Era Horisontal dalam Pilkada


Pemillihan kepala daerah serentak di beberapa tempat akan dimulai beberapa bulan lagi. Daerah yang akan menyelenggarakan pemilihan kepala daerah tersebut terdiri atas tujuh provinsi, 76 kabupaten, dan 18 kota. Ketujuh provinsi tersebut yaitu Aceh, Bangka Belitung, DKI Jakarta, Banten, Gorontalo, Sulawesi Barat, dan Papua Barat. Meski saat ini belum resmi untuk melakukan kampanye, banyak calon, sadar atau tidak sadar sudah mulai menebarkan pesonanya ke segala penjuru daerah pemilihannya. Yang tidak kalah heboh adalah aktivitias di media sosial dan jagad internet. Konten-konten yang memasarkan pasangan calon sudah banyak bertebaran, dari konten bernada positif maupun negatif. 
Pemilihan kepala daerah tersebut menimbulkan pertanyaan, sebenarnya calon seperti apa yang diinginkan oleh pemilih nanti? Bagaimana seharusnya pendekatan dari para calon untuk memenangkan hati pemilihnya? Untuk menjawab pertanyaan tersebut yang pertama-tama perlu dilihat adalah seperti apa kondisi lanskap ‘pasar’ yang akan dituju. Penulis akan mencoba melihat dari kaca mata marketing atau pemasaran.
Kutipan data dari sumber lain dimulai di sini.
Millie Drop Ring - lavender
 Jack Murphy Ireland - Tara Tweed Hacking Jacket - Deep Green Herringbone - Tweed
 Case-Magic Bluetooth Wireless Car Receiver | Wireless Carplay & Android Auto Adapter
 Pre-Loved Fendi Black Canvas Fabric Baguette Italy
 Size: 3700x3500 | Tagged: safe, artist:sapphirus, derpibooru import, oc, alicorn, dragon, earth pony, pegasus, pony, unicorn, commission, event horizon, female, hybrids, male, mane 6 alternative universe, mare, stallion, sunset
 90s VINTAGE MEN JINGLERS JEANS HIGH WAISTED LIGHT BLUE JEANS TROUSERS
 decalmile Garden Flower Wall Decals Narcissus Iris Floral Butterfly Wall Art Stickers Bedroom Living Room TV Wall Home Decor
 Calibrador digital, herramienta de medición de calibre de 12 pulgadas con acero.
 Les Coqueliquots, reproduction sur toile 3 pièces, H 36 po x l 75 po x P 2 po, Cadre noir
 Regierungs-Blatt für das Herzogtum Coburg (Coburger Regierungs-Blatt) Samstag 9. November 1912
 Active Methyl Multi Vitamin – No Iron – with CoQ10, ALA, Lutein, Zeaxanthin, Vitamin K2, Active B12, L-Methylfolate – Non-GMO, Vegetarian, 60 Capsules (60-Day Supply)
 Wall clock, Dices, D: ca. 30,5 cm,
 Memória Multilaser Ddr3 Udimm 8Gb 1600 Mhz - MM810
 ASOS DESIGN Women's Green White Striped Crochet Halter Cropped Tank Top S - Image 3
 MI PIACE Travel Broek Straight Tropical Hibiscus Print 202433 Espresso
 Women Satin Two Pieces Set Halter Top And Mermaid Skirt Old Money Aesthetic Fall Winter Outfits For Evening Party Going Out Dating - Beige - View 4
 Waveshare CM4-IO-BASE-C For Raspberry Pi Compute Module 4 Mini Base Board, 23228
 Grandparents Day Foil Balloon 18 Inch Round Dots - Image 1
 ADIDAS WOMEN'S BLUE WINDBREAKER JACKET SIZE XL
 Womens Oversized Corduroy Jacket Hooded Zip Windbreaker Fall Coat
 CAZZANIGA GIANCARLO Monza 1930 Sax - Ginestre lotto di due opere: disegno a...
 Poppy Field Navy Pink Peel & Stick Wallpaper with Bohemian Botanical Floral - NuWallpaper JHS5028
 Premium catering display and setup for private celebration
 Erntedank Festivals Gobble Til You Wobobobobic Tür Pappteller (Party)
Di dalam lanskap bisnis, mungkin dapat dikatakan juga lanskap sosial, seperti sekarang, sudah mulai terjadi pergeseran relasi. Misalnya saja relasi antara produsen dan konsumen, seorang CEO dengan karyawan, klien dengan vendor, semuanya sudah berubah. Jika dulu relasi seperti yang dicontohkan di atas berlangsung vertikal, sekarang sudah berubah menjadi horisontal. Artinya, yang dulu selalu berada pada posisi ‘atas’ dan dapat secara otoritatif mendikte harga, pasar yang dituju atau peraturan di organisasinya, kini tidak lagi demikian. Semuanya menjadi sejajar. Produsen tidak dapat sesukanya menentukan produk beserta harga dari produk tersebut, bagaimana segmentasi pasarnya, atau siapa menjadi target. Karena sekarang konsumen lebih berperan dan memiliki ‘kuasa’ dalam menentukan sesuatu itu layak dibeli atau tidak, bahkan penting untuk dibicarakan atau tidak. Misalnya percakapan dalam komunitas di media sosial begitu menentukan tren atau apa yang sedang dibicarakan dalam masyarakat, termasuk suatu produk atau merek.
Dari penjelasan tentang lanskap horisontal tadi, artinya posisi produsen dan konsumen sudah makin sejajar. Konsumen akan lebih memilih produk atau layanan yang berdiri sama tinggi, duduk sama rendah dan memiliki spirit yang sama. Konsumen dapat menjadi produsen dengan mengampanyekan produk, merek atau apa pun yang menurut mereka membuat hidup lebih baik. Begitu pun dengan produsen dapat menjadi konsumen dalam arti dengan selalu mengonsumsi masukan atau kritik dari konsumen untuk menghasilkan produk atau layanan yang makin prima dan terpenting, sesuai dengan kebutuhan konsumen. Sehingga perbedaan antara produsen dan konsumen akan sangat tipis sekali dan pemisahan antara keduanya menjadi semakin tidak relevan. Konsumen mencari produk atau merek yang adalah bagian dari mereka. Bukan yang merayu konsumen, bahkan cenderung memaksa dengan berbagai cara promosi, untuk membeli produk tersebut.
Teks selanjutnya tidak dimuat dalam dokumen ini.